From a14304c1b243fbaae45f364fa3d277d3aab87482 Mon Sep 17 00:00:00 2001
From: dramforever <dramforever@live.com>
Date: Mon, 23 Mar 2020 20:33:02 +0800
Subject: [PATCH] nix-channels: update

https://discourse.nixos.org/t/announcement-moving-nixos-org-to-netlify/6212
---
 dockerfiles/nix-channels/Dockerfile |  2 +-
 nix-channels.py                     | 52 +++++++++++------------------
 2 files changed, 21 insertions(+), 33 deletions(-)

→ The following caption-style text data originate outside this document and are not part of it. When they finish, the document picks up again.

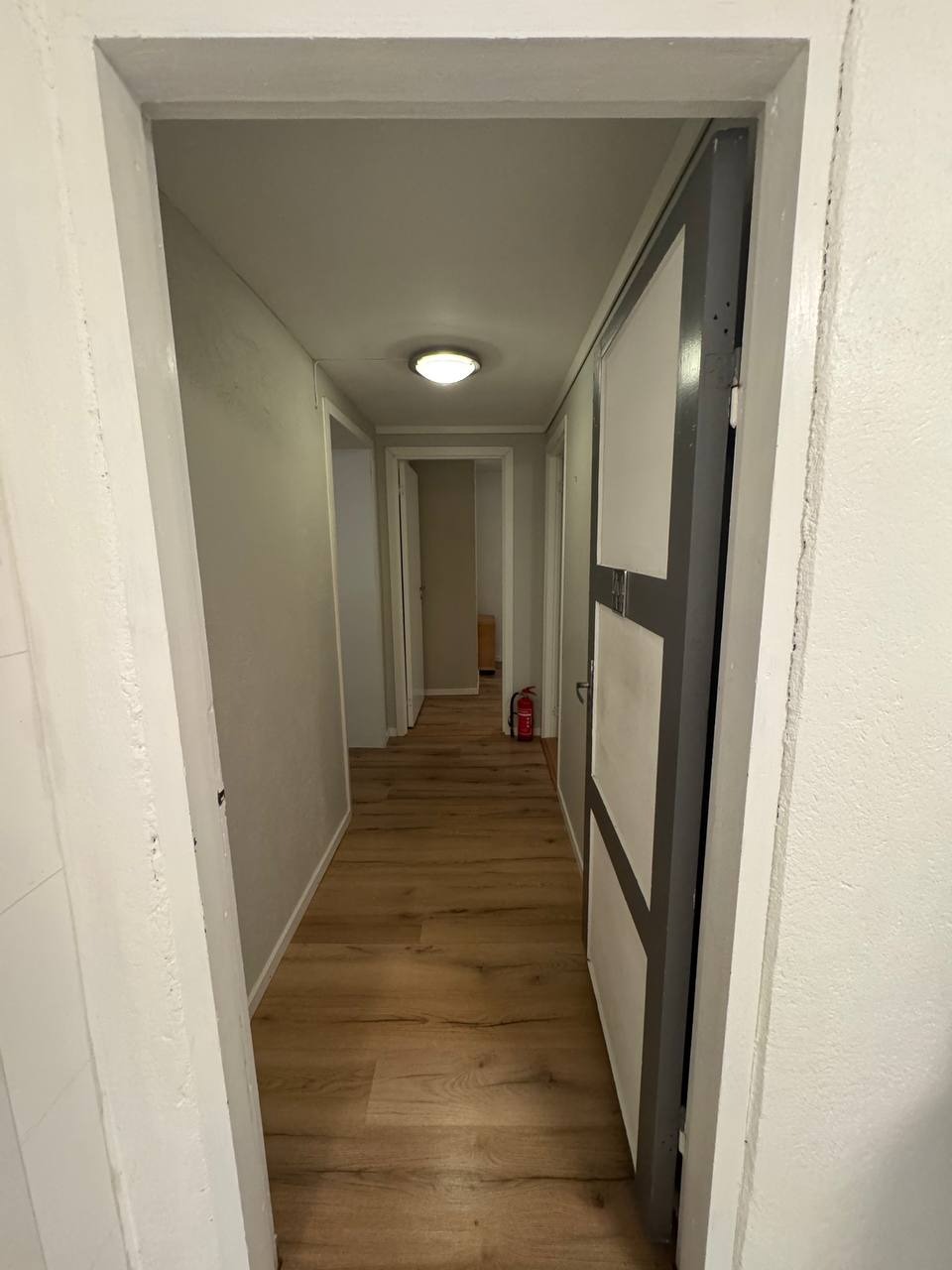 Gang mellom soverommene og bad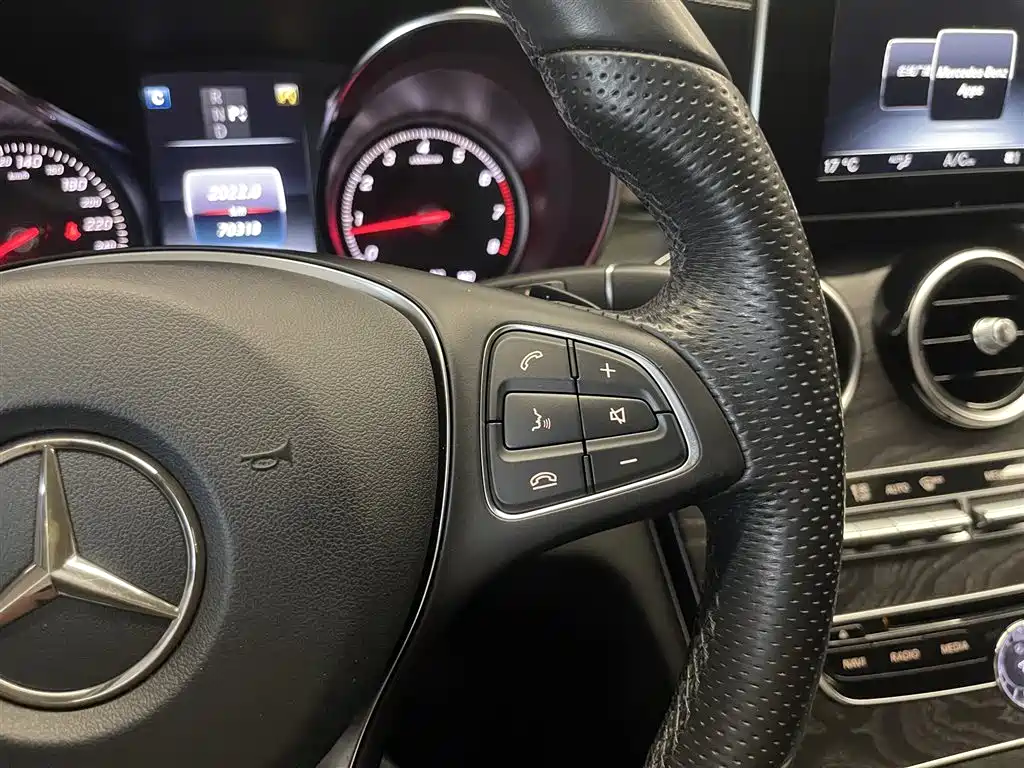 Mercedes-Benz C-Class 2016 C 200 L Sport фото 21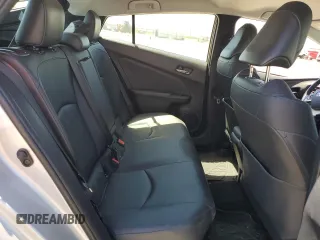 2018 Toyota Prius Two z VIN JTDKARFU3J3550801, wystawiony jako Copart lot #57625935 z przebiegiem 48 502 mil mil oraz Szkoda całkowita • Salvage title. Historia ofert i sprzedaży dostępna na DreamBid. Obrazek 10.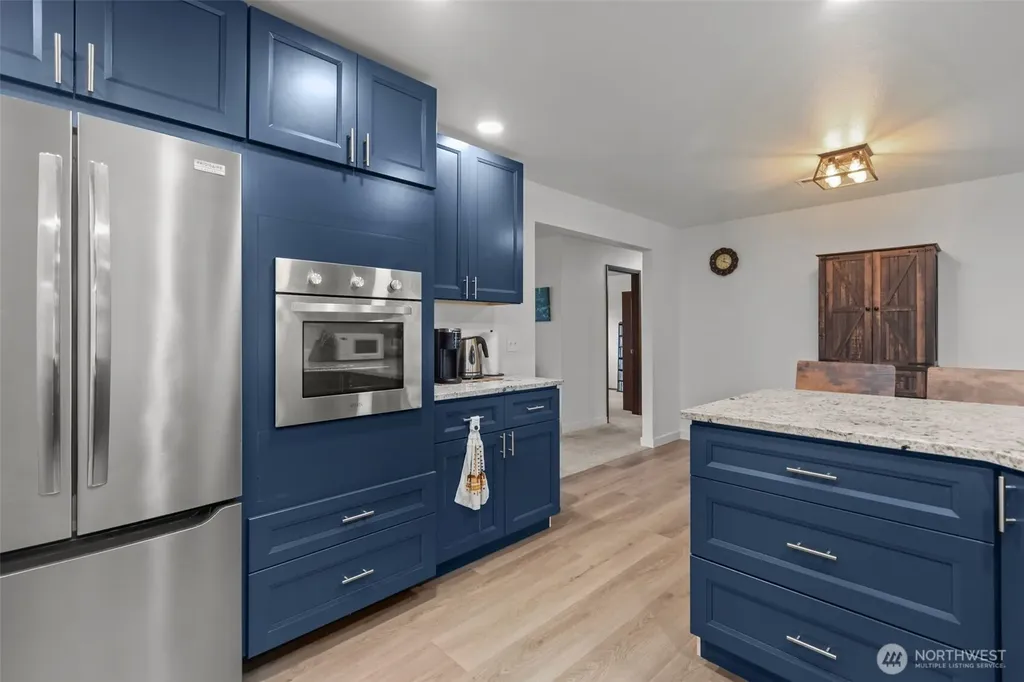 2335 SW 342nd Street Federal Way WA 98023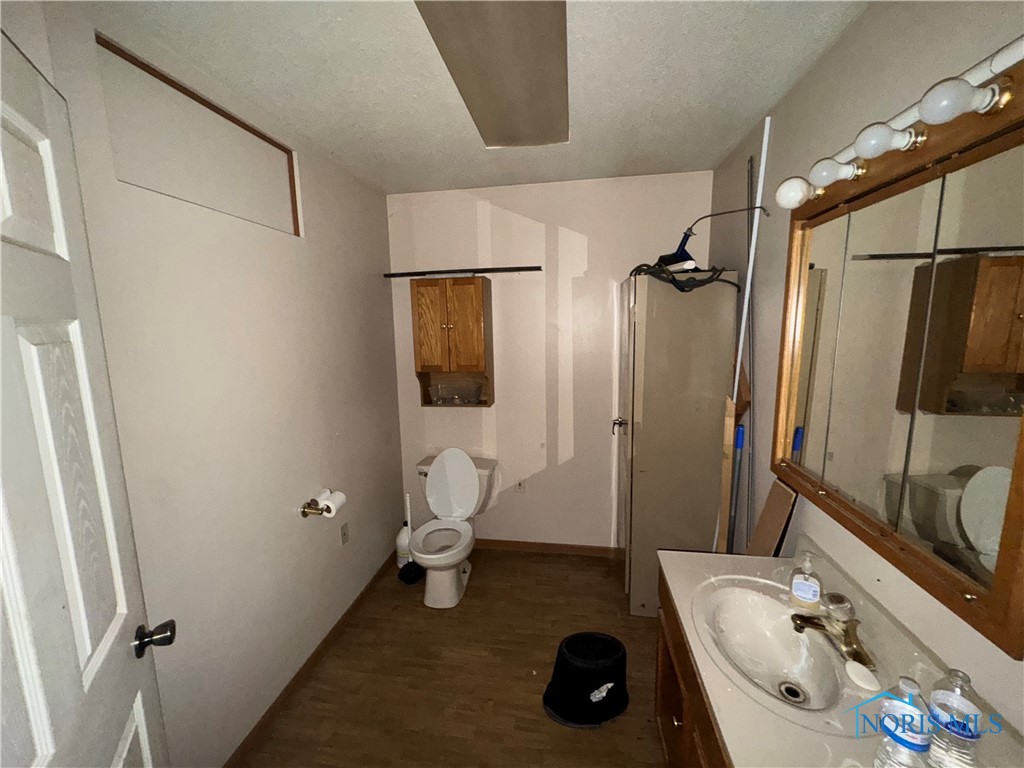 1396 W Woodruff Avenue, Toledo, Ohio image 5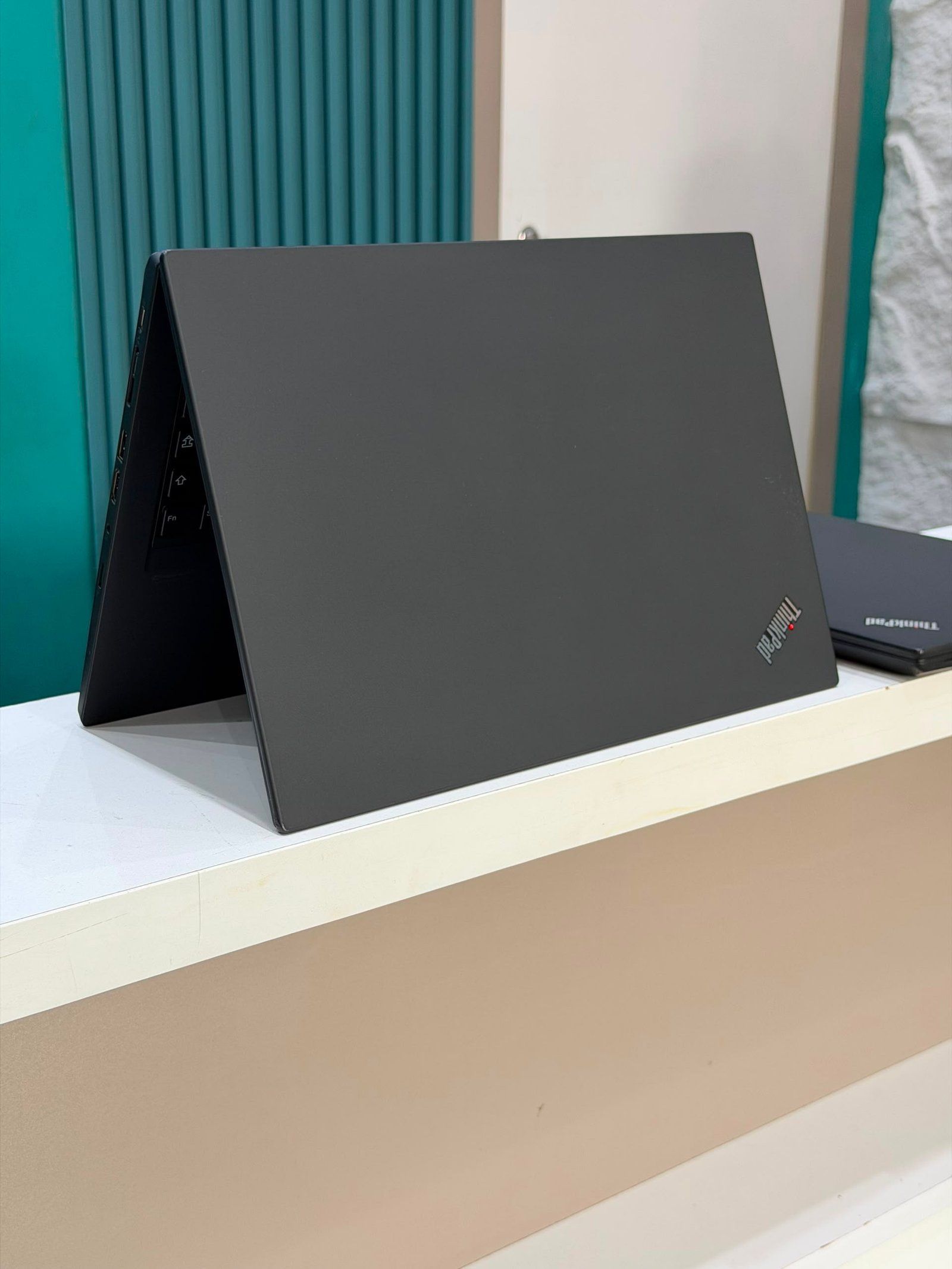 Lenovo ThinkPad P14s Gen 1
Une station de travail mobile pensée pour les professionnels. – Image 7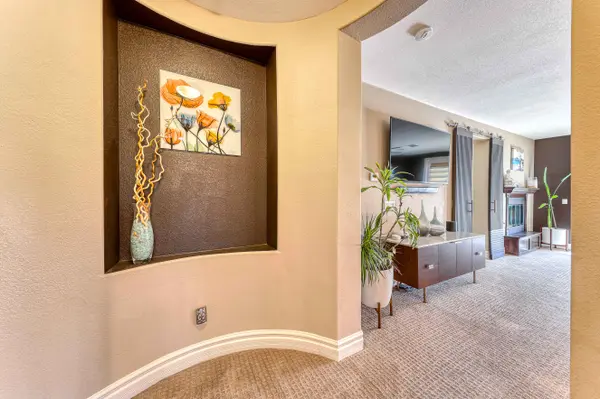 1619 Santiago Dr, Henderson, NV 89014-6012
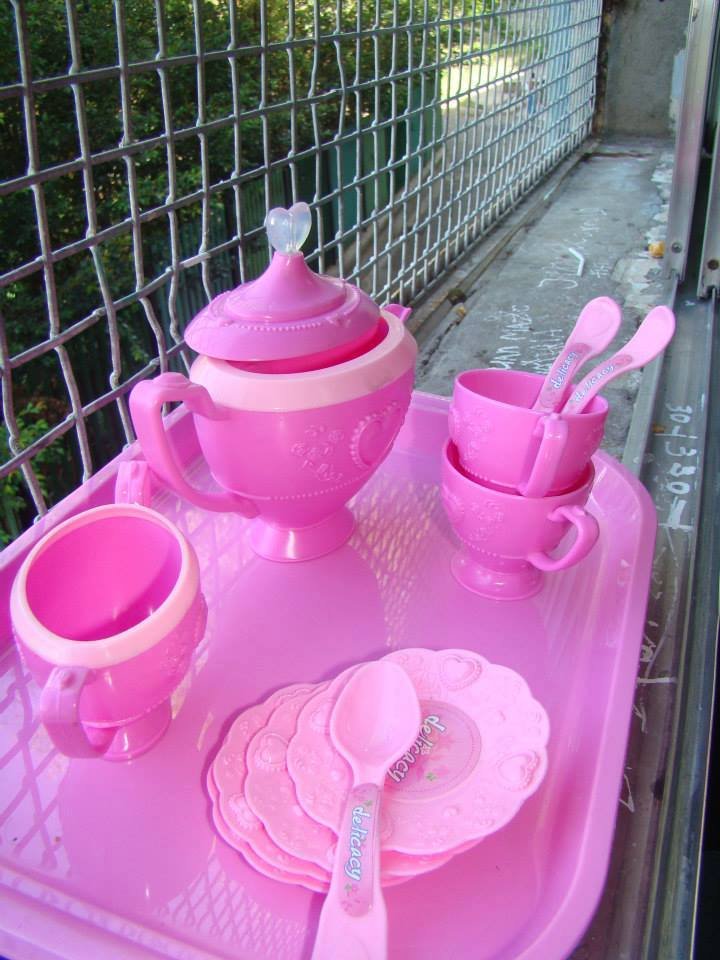 es una pequeña trampa de color rosa, donde se le entrega el hogar y las actividades repetitivas y cotidianas , como único punto de superación de la mujer.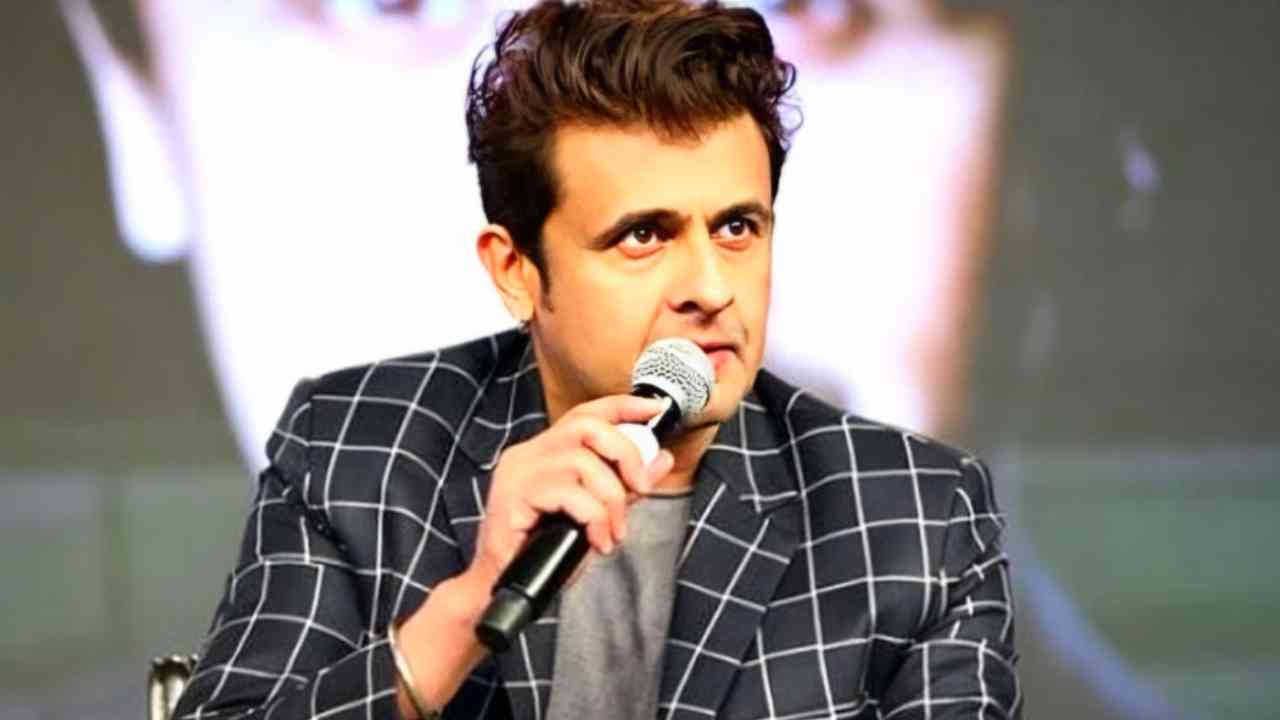 ‘এবার বাঁচালাম…’ কাকে এমন বললেন সোনু নিগম? ভাইরাল কোলাপুর কনসার্টের ভিডিও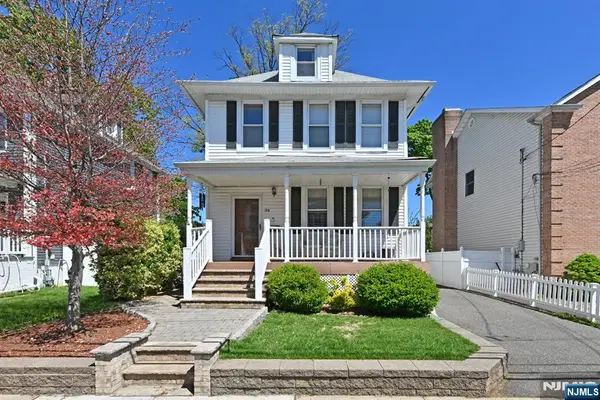 34 Gordon Street, Ridgefield Park, NJ 07660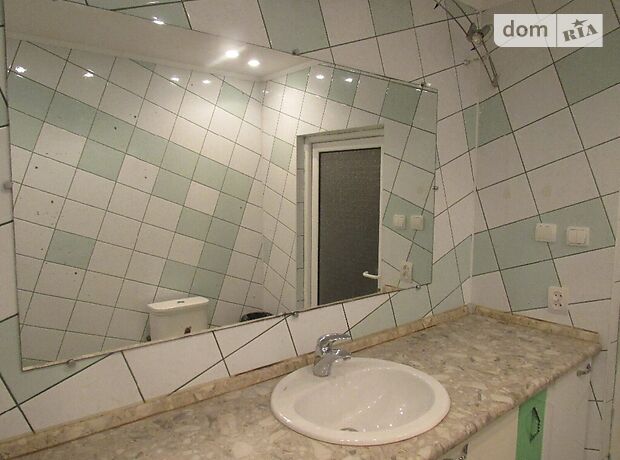 Продажа части дома в Николаеве, улица Адмирала Макарова (Центр), район Центральный, 6 комнат фото 1 Продажа части дома в Николаеве, улица Адмирала Макарова (Центр), район Центральный, 6 комнат фото 1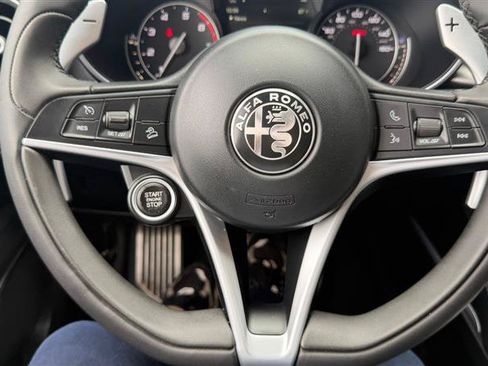 Used 2018 Alfa Romeo Stelvio Ti Sport AWD/4WD image 34
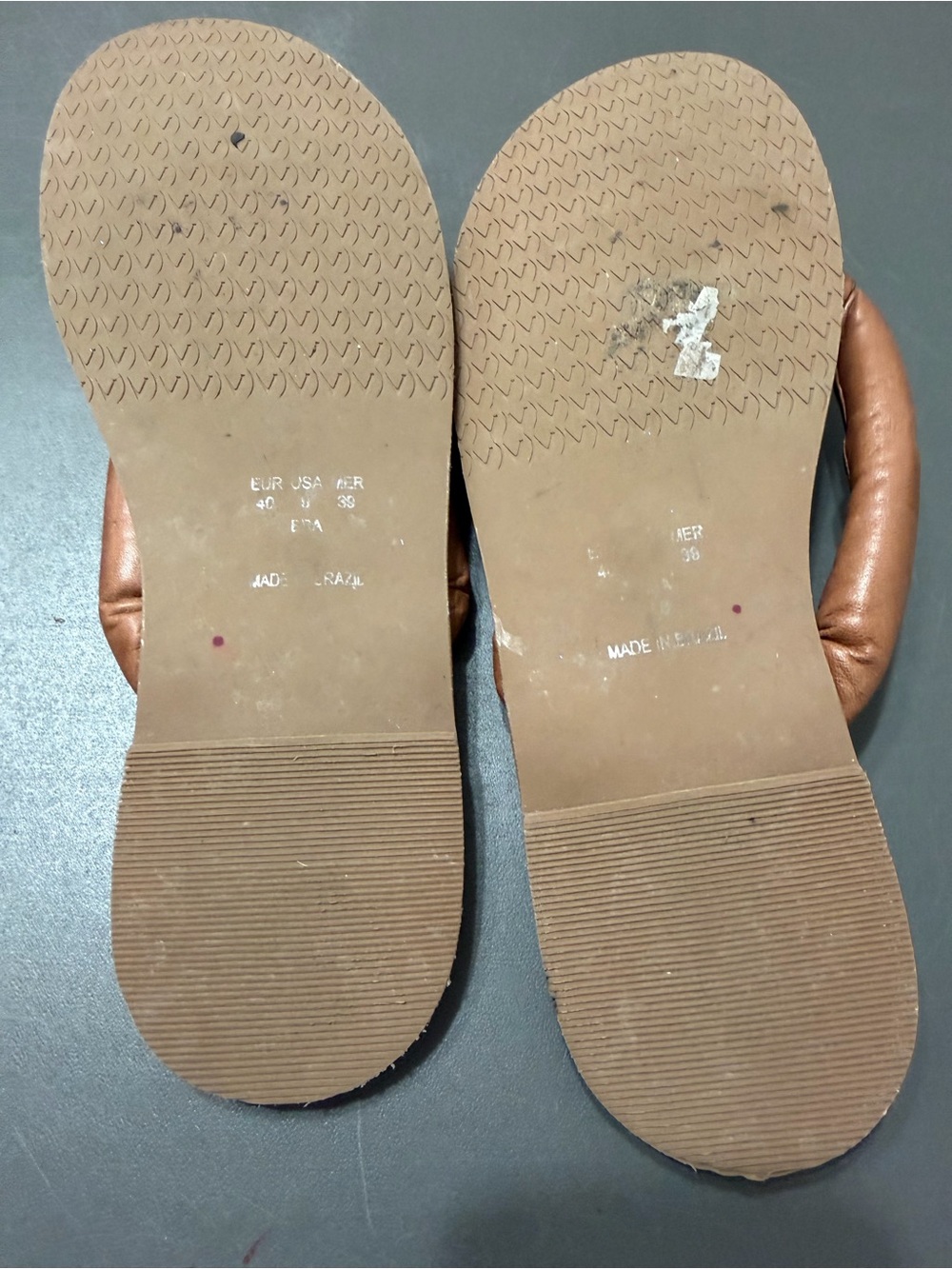 VICENZA
Alexia Puffy Flip-flop Sandals In
Beige - Picture 3 of 5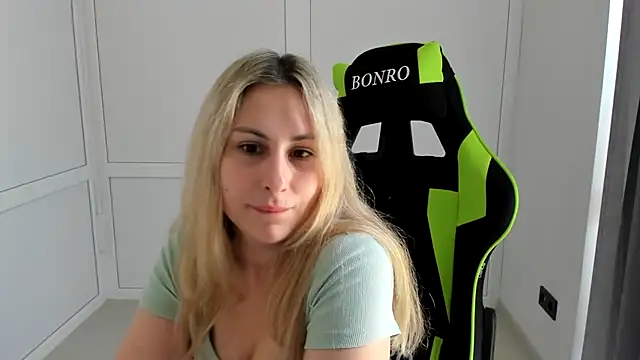 Chat XXX en directo de MissLunariaa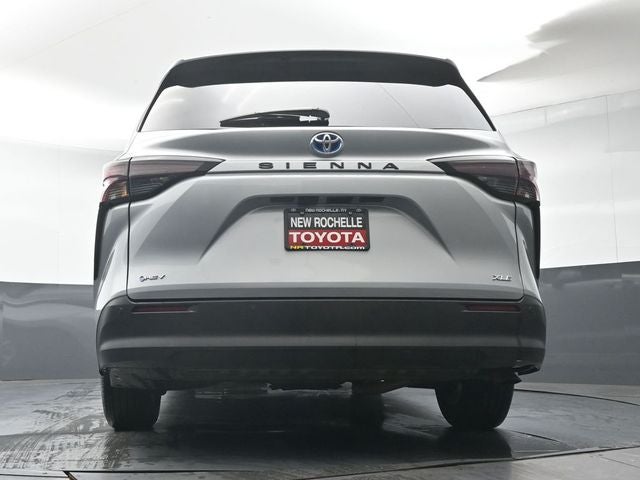 2025 Toyota Sienna XLE 8 Passenger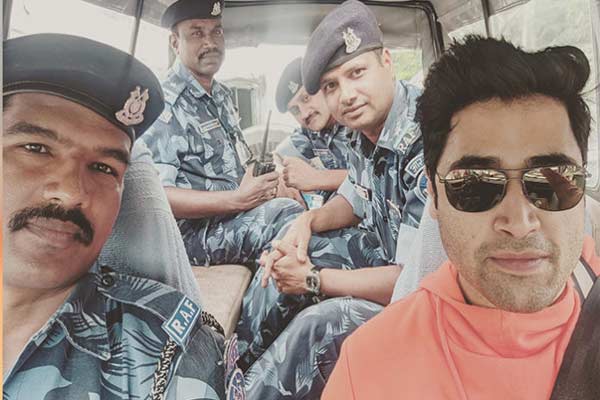 రోల్ పర్ఫెక్షన్ కొరకు యంగ్ హీరో అలా చేస్తున్నాడా…?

diff --git a/dockerfiles/nix-channels/Dockerfile b/dockerfiles/nix-channels/Dockerfile
index 7171d6d..fce8349 100644
--- a/dockerfiles/nix-channels/Dockerfile
+++ b/dockerfiles/nix-channels/Dockerfile
@@ -1,7 +1,7 @@
 FROM python:3-buster
 MAINTAINER Wang Ruikang <dramforever@live.com>
 
-RUN pip3 install pyquery requests && \
+RUN pip3 install pyquery requests minio && \
     # Install Nix. To simplify management we only copy binaries and create
     # symlinks, and do no further configuration
     curl https://mirrors.tuna.tsinghua.edu.cn/nix/nix-2.3.2/nix-2.3.2-x86_64-linux.tar.xz -o /tmp/nix.tar.xz && \
diff --git a/nix-channels.py b/nix-channels.py
index 7253d1a..176e4d9 100644
--- a/nix-channels.py
+++ b/nix-channels.py
@@ -3,11 +3,13 @@ import hashlib
 import json
 import logging
 import lzma
+import minio
 import os
+import pytz
 import re
-import sys
 import requests
 import subprocess
+import sys
 
 from pyquery import PyQuery as pq
 from datetime import datetime, timedelta
@@ -35,7 +37,12 @@ RETAIN_DAYS = float(os.getenv('NIX_MIRROR_RETAIN_DAYS', 30))
 
 STORE_DIR = 'store'
 RELEASES_DIR = 'releases'
-CLONE_SINCE = datetime(2018, 12, 1)
+
+# Channels that have not updated since migration to Netlify [1] are assumed to
+# be too old and defunct.
+#
+# [1]: https://discourse.nixos.org/t/announcement-moving-nixos-org-to-netlify/6212
+CLONE_SINCE = datetime(2020, 3, 6, tzinfo=pytz.utc)
 TIMEOUT = 60
 
 working_dir = Path(WORKING_DIR)
@@ -63,9 +70,6 @@ logging.basicConfig(
 # Don't forget 'global failure'
 failure = False
 
-def http_head(*args, **kwargs):
-    return session.head(*args, timeout=TIMEOUT, **kwargs)
-
 def http_get(*args, **kwargs):
     return session.get(*args, timeout=TIMEOUT, **kwargs)
 
@@ -131,28 +135,14 @@ def download(url, dest):
 
     download_dest.rename(dest)
 
-def get_links(url):
-    r = http_get(url)
-    r.raise_for_status()
+client = minio.Minio('s3.amazonaws.com')
 
-    node = pq(r.content)
-
-    links = []
-    for row in node('tr'):
-        td = pq(row)('td')
-        if len(td) != 5:
-            continue
-
-        link_target = td[1].find('a').get('href')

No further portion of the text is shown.